Ils entretiennent des émotions désagréables qui les font se sentir mal : ça risque de faire tache d’huile sur leur environnement mais ils se sentiront moins seuls.
Que faire à la place? Prendre l’exact contrepied des 5 points évoqués ci-dessus.
– Se centrer sur le futur et définir ce qu’on veut obtenir de la manière la plus concrète possible (ce qu’on veut voir, entendre, ressentir). Cela implique de formaliser explicitement ses buts sans formulation négative (plutôt « réaliser cette tâche en 1heure » que « arrêter de me laisser déborde »).
– Ce qui marche dans la situation, les ressources. Selon l’endroit où on porte son regard, on ne voit pas la même chose. Quand on vient d’acheter une Kangoo, on a l’impression que le monde entier roule en Kangoo. Il faut donc regarder les avantages de la situation, voire les provoquer et chercher des moyens de la faire évoluer (plutôt que trouver des excuses).

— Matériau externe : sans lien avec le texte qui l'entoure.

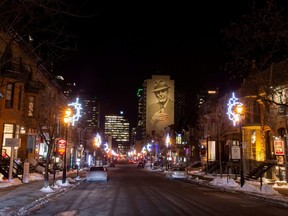 Crescent Street, a Montreal street known for its nightlife, is seen on the first night after a curfew is imposed by the Quebec government to help slow the spread of COVID-19, Jan. 9, 2021.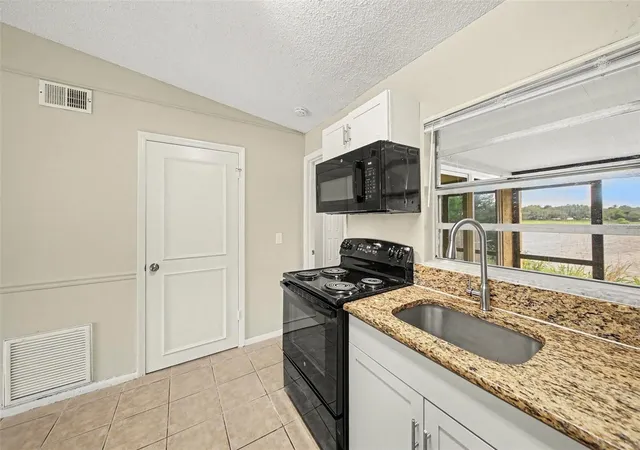 Photo 3 of Townhouse for sale at 1188 Woodman Way, Orlando, FL 32818 | MLS# O6416917 | Listing updated on 2026-09-25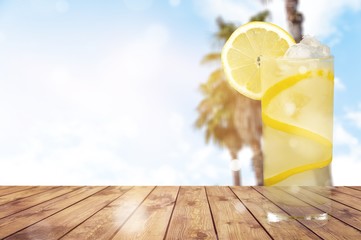 Canvas Print - Lemonade with fresh lemon on beach background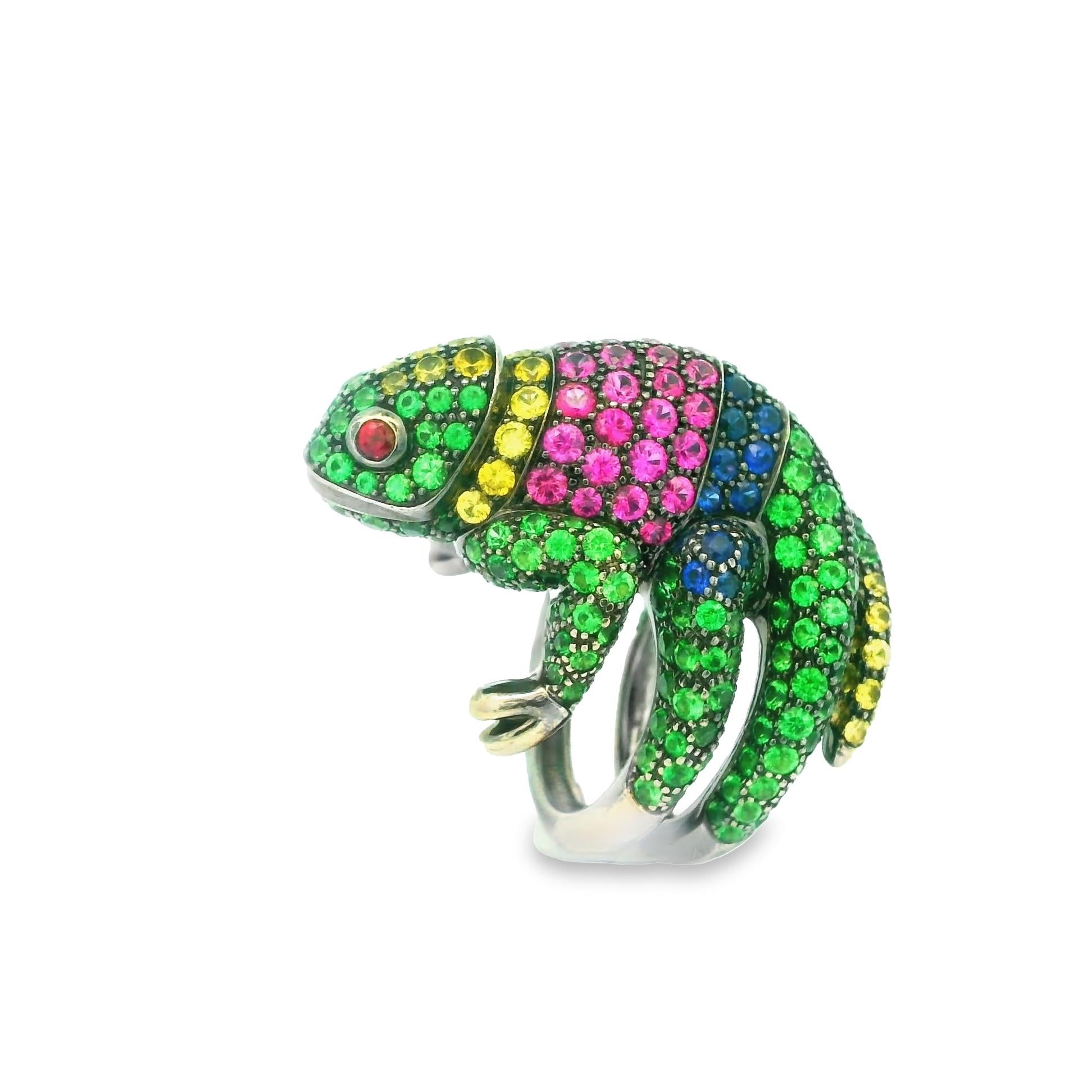 A rare and whimsical ring from Bucheron’s Animal Collection, this is Masy the Chameleon. It features an array of bright and vividly colored gemstones which include tsavorite, blue sapphire, yellow sapphire, pink sapphire, and ruby. Masy’s body is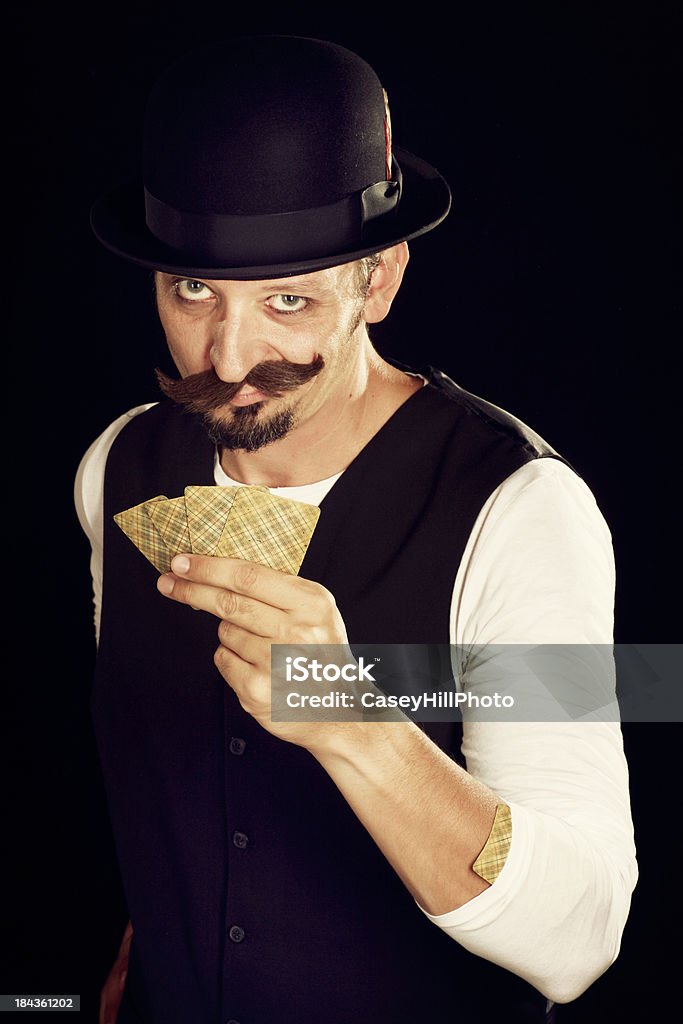 Card Shark "Vaudeville style magician in a bowler derby, mustache and vest holding cards. (Note: these are very old vintage playing cards.)" Vaudeville Stock Photo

– Une compréhension objective basée sur les faits et une empathie avec les différentes parties prenantes. L’objectivité « pure et parfaite » est un leurre, mais une capacité à se mettre à la place des acteurs et à comprendre ce qui justifie leurs actes élargit sa zone de compréhension et facilite une éventuelle négociation.
– Une responsabilisation et un engagement. Nous vivons dans des systèmes. Il y a une loi, dite de l’interaction, qui dit que chaque élément d’un système influence les autres. Tout changement de votre part aura un donc un impact : pourquoi ne pas jouer cette carte ?
– Une approche à petits pas. Quel est le plus petit changement qui pourrait être mis en oeuvre et aurait un retentissement sur le tout : cette question peut efficacement guider la réflexion.
Aujourd’hui, je vous propose de vous observer vous-même et de vous entrainer à passer (et à faire passer les autres) de la rumination à la réflexion.